*** Exercise inputs ***

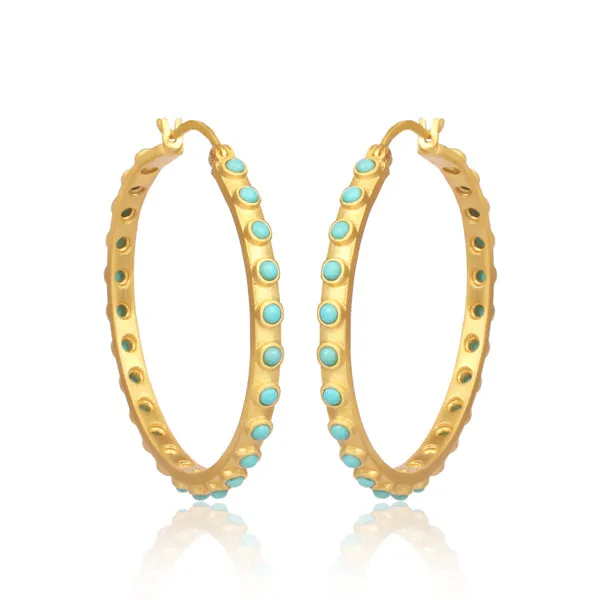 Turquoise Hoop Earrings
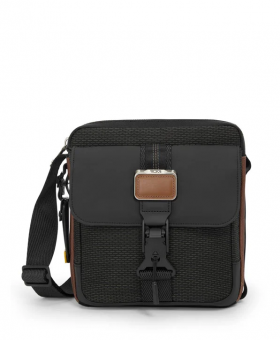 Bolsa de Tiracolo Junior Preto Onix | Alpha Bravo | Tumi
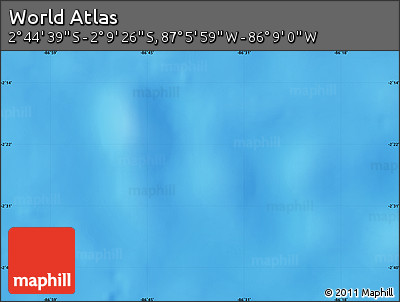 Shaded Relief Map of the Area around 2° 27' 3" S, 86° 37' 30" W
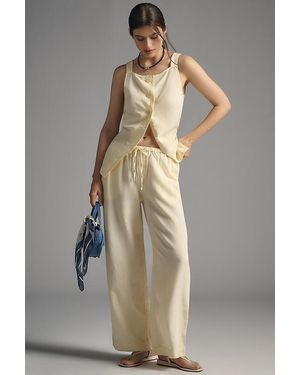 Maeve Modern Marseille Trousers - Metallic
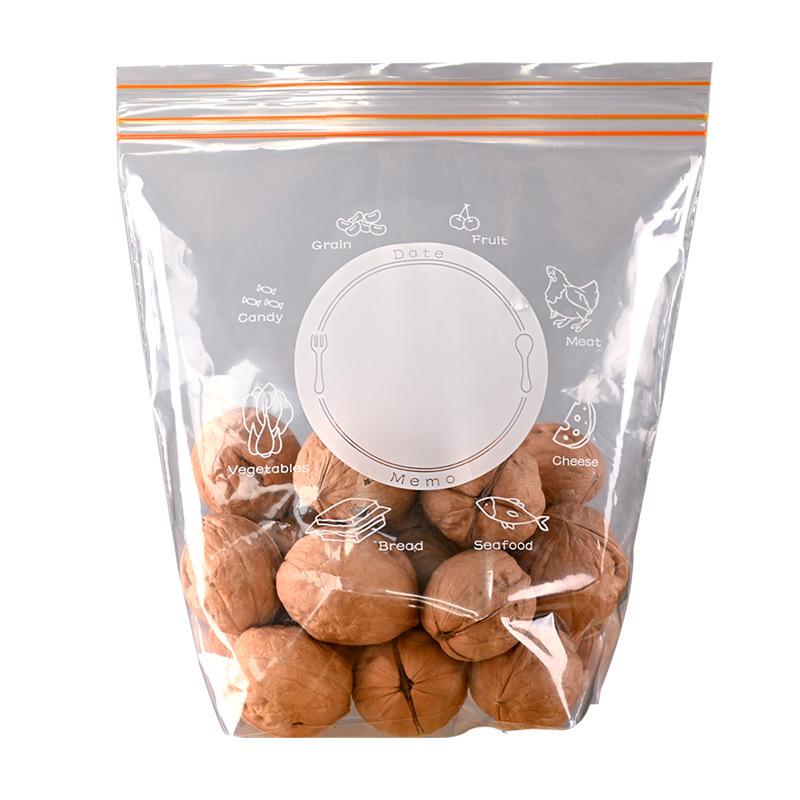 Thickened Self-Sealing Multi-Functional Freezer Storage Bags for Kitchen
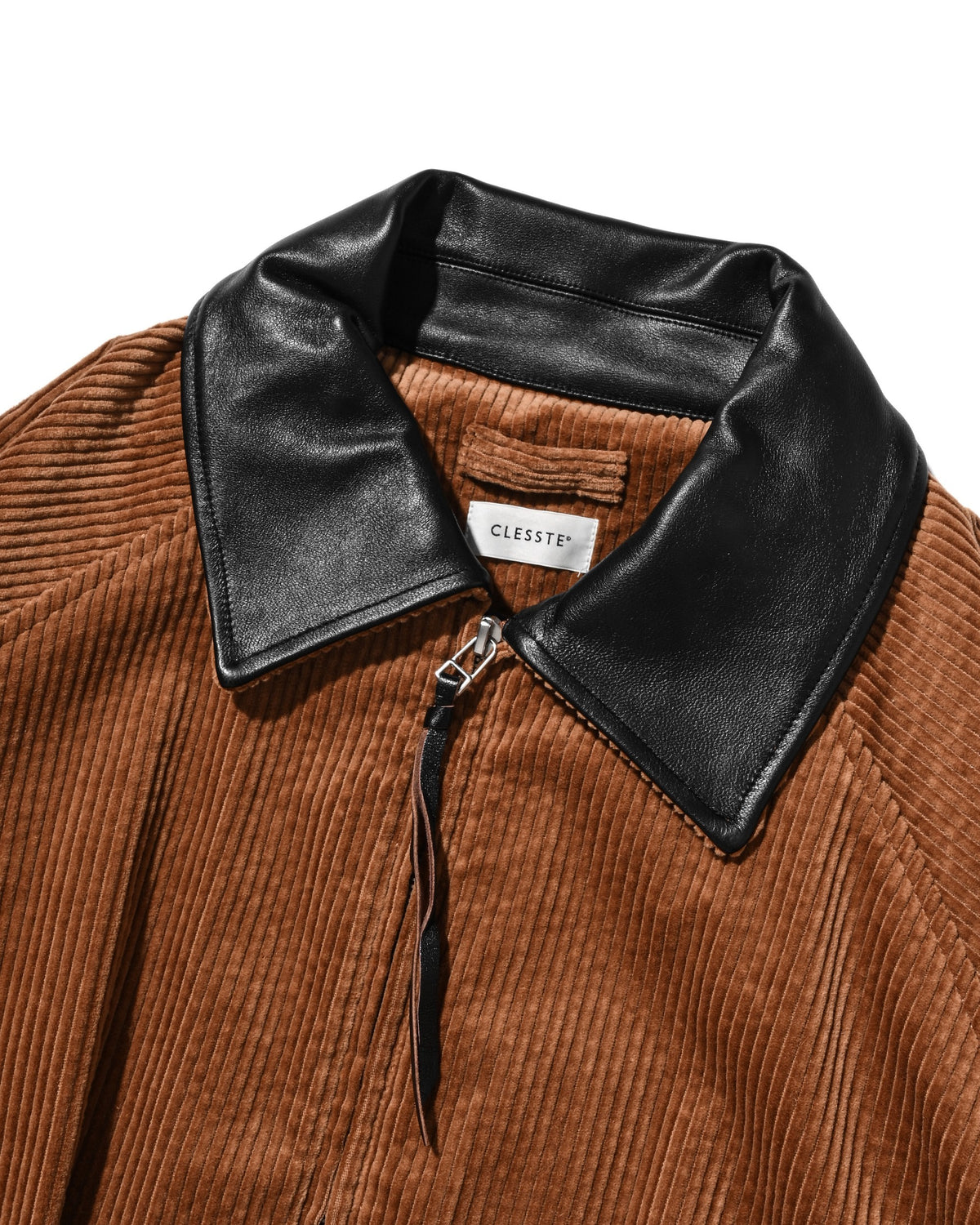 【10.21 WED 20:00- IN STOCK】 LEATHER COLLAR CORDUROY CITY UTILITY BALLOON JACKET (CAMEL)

*** End of Exercise inputs ***

What is needed
Pictures aren't part of the copy; return each record above exactly.

Solution to this task
 Turquoise Hoop Earrings
 Bolsa de Tiracolo Junior Preto Onix | Alpha Bravo | Tumi
 Shaded Relief Map of the Area around 2° 27' 3" S, 86° 37' 30" W
 Maeve Modern Marseille Trousers - Metallic
 Thickened Self-Sealing Multi-Functional Freezer Storage Bags for Kitchen
 【10.21 WED 20:00- IN STOCK】 LEATHER COLLAR CORDUROY CITY UTILITY BALLOON JACKET (CAMEL)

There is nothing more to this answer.